You may recall Joel Kuhnel from his days with the Cincinnati Reds. Big guy, he is – listed at 6’5” and 290 lbs. He was an 11th round pick out of the University of Texas-Arlington, threw a heavy heater, and made it into 14 games with the Reds in 2019-2020 before injuries shut him down for most of 2021.
He was a big part of the 2022 Reds bullpen most of the entire year, though, getting into 53 games, pitching 58.0 IP, and even logging a save, his 6.36 ERA wholly different than the 3.96 FIP he posted,
as he did own a pretty impressive 56/14 K/BB in his time. With similarly frustrating surface stats during the start of the 2023 season and a dwindling ability to be jockeyed back and forth between Cincinnati and AAA Louisville, Kuhnel was designated for assignment and eventually traded to the Houston Astros for cash.

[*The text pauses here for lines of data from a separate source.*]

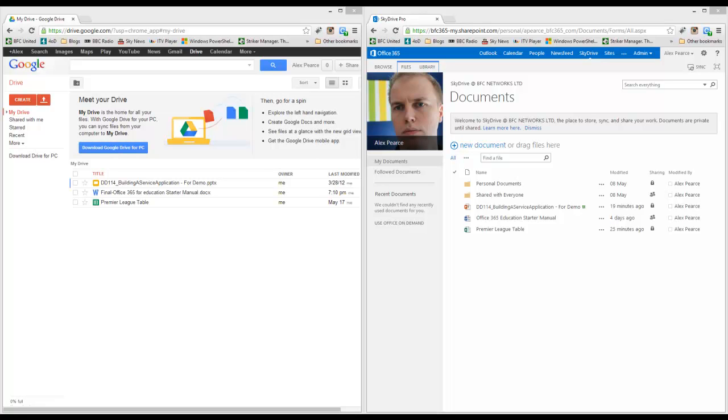Welcome to this short video in which we are comparing Google Drive, here on the left, and the Office Web Apps within the SkyDrive Pro in Office 365.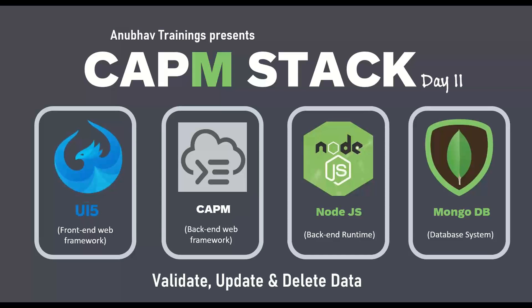Hello and welcome back everyone to the next episode on Anubov Training Series. In the last session, we talked about how to implement a Fiori app to insert data using Fiori application post request to Capem, and Capem will eventually insert the data to our Mongo database.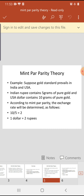Gold standard prevails in India and USA. The Indian rupee contains 5 grams of pure gold and the US dollar contains 10 grams of pure gold.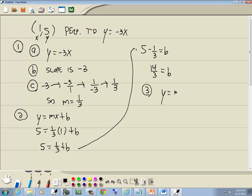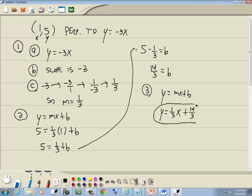Step 3: write our answer. m from step 1 was 1 third, and b was 14 thirds. So our final answer is y equals 1 third x plus 14 thirds.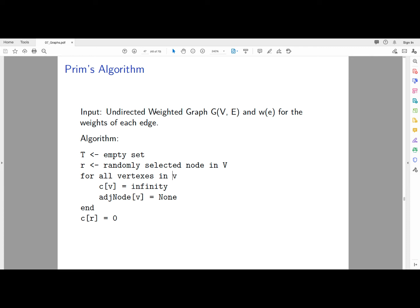Hello everyone. Today we're going to talk about the Prim's algorithm that is used for finding the minimum spanning tree. Given a graph G with a set of vertices and a set of edges, G is undirected and weighted, and we also have a matrix that shows the weight of the distance between any node and all other nodes. We are going to find the minimum spanning tree.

Since then, he has bounced like a basketball that rolled down the driveway. He’s been with Houston, Tampa, and eventually with the Athletics, the latter of whom traded him to the Milwaukee Brewers after the A’s, too, had DFA’d him late last week.
What’s interesting about any of this, you ask? Well, the Brewers – who have a pitching lab that has turned just about anyone into superstars – seem to have known exactly what to do when they got their hands on Kuhnel. Here’s a quick glimpse at what his stuff looked like with the A’s vs. what it looked like in his first appearance on the mound for Milwaukee:
So, in the matter of two days, he went from throwing his fastball at 94 mph to touching a hundred (with a 99.5 mph average overall). That’s even significantly higher than the 96.4 mph he averaged during his first call-up with Cincinnati in 2019 as a young buck.

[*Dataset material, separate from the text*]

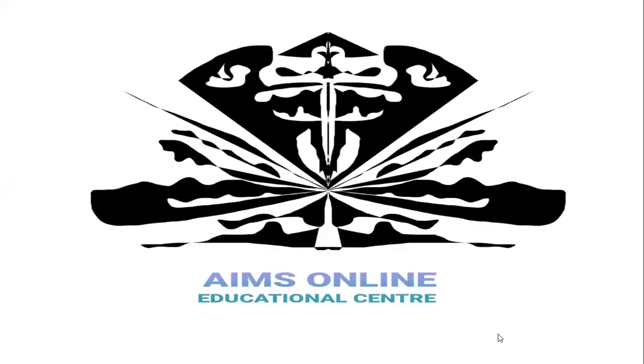Bismillah ar-Rahman ar-Rahim. Assalamu alaikum and hello to all my dear students. Welcome to AIMS Online Education Center.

That a team uncovered something like this is pretty miraculous at the macro level, and insanely frustrating on the micro level for the Reds. Not only is he their former arm, he’s now doing this within the division while their own bullpen is a raging conflagration that has already derailed their entire season.
For the Brewers, though, he’s just their latest success story even if this doesn’t pan out with Kuhnel being a perennial All Star. That they can clearly identify these kinds of inefficiencies right under the noses of the rest of the sport – particularly within the NL Central – is a pretty damning indictment of the clubs trying to chase them down.
The Reds, who are already 10.5 games back of the 41-23 Brewers, will face Milwaukee seven times between now and July 2nd.